YOUR GOAL:
From the entries below, transcribe exactly the lines between the line holding "Antisocial Butterfly Women's" and the line holding "Gatorade - THIRST", inclusive; skip all other lines.

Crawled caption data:
-- Opening Marker --
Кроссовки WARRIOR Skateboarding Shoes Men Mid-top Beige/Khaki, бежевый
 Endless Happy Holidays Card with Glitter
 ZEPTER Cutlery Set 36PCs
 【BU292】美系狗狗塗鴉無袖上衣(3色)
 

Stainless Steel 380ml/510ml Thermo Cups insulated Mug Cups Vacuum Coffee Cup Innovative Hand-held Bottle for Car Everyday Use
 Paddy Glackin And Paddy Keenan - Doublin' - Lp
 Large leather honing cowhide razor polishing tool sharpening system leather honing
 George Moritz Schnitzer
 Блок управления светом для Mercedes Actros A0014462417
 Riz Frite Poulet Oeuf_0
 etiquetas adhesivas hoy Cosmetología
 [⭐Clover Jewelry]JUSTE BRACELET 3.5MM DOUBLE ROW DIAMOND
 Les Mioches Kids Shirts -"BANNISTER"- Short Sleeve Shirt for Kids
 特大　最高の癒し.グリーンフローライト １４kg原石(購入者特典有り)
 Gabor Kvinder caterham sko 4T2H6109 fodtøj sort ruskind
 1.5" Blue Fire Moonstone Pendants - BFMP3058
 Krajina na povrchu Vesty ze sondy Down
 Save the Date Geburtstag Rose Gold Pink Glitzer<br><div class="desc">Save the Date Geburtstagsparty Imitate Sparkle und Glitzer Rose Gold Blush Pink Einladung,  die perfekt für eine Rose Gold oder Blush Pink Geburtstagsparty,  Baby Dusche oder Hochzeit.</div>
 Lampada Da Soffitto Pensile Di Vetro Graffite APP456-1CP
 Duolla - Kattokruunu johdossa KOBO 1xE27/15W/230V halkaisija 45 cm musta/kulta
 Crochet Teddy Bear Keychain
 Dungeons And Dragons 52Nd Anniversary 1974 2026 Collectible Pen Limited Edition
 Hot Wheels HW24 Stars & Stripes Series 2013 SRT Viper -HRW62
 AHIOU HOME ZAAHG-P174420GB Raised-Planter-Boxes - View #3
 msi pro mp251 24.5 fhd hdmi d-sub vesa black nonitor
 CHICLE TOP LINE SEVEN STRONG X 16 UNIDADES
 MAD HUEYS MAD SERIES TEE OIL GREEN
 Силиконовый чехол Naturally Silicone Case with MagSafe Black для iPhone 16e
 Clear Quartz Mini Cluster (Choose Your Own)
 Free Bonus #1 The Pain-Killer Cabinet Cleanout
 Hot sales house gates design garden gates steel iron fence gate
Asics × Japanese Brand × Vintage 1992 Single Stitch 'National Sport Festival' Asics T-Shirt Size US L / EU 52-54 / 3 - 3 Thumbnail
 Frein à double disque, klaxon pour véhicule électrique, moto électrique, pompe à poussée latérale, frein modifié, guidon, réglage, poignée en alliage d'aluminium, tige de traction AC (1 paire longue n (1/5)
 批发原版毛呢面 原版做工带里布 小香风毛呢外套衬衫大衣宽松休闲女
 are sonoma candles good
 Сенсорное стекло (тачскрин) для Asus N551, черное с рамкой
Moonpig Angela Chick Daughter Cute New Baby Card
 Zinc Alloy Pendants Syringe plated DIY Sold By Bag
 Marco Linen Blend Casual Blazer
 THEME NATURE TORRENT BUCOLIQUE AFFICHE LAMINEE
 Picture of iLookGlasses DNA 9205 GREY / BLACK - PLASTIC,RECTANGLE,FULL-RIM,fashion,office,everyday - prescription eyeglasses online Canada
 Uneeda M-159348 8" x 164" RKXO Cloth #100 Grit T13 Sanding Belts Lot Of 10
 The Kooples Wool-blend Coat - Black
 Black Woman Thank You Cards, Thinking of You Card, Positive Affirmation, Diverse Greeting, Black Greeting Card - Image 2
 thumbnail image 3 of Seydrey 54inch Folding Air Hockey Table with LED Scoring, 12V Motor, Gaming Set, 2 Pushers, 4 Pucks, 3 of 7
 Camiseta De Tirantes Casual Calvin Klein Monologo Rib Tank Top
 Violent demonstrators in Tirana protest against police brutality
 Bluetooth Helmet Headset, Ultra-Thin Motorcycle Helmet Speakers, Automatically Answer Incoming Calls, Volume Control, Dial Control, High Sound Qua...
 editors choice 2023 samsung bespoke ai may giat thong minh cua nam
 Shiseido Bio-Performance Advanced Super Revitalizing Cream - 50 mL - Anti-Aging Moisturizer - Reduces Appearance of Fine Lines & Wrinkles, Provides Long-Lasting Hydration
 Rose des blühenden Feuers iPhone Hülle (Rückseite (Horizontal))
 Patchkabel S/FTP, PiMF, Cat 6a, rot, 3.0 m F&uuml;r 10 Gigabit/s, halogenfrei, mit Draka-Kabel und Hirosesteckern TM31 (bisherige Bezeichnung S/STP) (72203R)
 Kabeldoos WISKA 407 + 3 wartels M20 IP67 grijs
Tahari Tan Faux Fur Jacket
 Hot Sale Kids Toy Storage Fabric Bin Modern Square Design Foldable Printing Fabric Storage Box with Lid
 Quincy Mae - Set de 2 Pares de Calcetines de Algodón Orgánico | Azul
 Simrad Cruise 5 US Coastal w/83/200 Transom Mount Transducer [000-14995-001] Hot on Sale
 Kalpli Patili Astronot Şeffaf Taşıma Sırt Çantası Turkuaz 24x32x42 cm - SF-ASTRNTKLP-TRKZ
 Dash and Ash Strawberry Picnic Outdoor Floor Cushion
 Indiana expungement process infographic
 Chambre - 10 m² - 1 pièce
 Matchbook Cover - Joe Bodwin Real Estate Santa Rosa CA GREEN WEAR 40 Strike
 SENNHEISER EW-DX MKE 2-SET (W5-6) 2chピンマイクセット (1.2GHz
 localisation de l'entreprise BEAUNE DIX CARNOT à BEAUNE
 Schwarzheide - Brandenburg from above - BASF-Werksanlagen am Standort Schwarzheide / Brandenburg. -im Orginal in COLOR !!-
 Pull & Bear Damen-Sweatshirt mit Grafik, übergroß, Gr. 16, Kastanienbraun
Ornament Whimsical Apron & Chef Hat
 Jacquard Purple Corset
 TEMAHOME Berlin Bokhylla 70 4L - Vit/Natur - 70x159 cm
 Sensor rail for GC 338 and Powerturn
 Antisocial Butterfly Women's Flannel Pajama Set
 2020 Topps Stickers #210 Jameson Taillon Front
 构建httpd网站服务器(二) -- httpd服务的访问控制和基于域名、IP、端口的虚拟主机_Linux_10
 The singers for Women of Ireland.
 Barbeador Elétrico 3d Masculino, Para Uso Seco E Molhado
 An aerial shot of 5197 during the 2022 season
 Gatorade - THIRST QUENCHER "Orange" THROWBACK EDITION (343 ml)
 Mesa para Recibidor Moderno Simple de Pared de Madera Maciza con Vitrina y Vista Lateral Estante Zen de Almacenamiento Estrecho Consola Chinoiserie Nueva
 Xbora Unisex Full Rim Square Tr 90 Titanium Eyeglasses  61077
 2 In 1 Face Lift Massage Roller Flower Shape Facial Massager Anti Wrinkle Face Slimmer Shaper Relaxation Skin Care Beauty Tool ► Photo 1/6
-- Closing Marker --
RESPONSE TO THE EXERCISE:
 Antisocial Butterfly Women's Flannel Pajama Set
 2020 Topps Stickers #210 Jameson Taillon Front
 构建httpd网站服务器(二) -- httpd服务的访问控制和基于域名、IP、端口的虚拟主机_Linux_10
 The singers for Women of Ireland.
 Barbeador Elétrico 3d Masculino, Para Uso Seco E Molhado
 An aerial shot of 5197 during the 2022 season
 Gatorade - THIRST QUENCHER "Orange" THROWBACK EDITION (343 ml)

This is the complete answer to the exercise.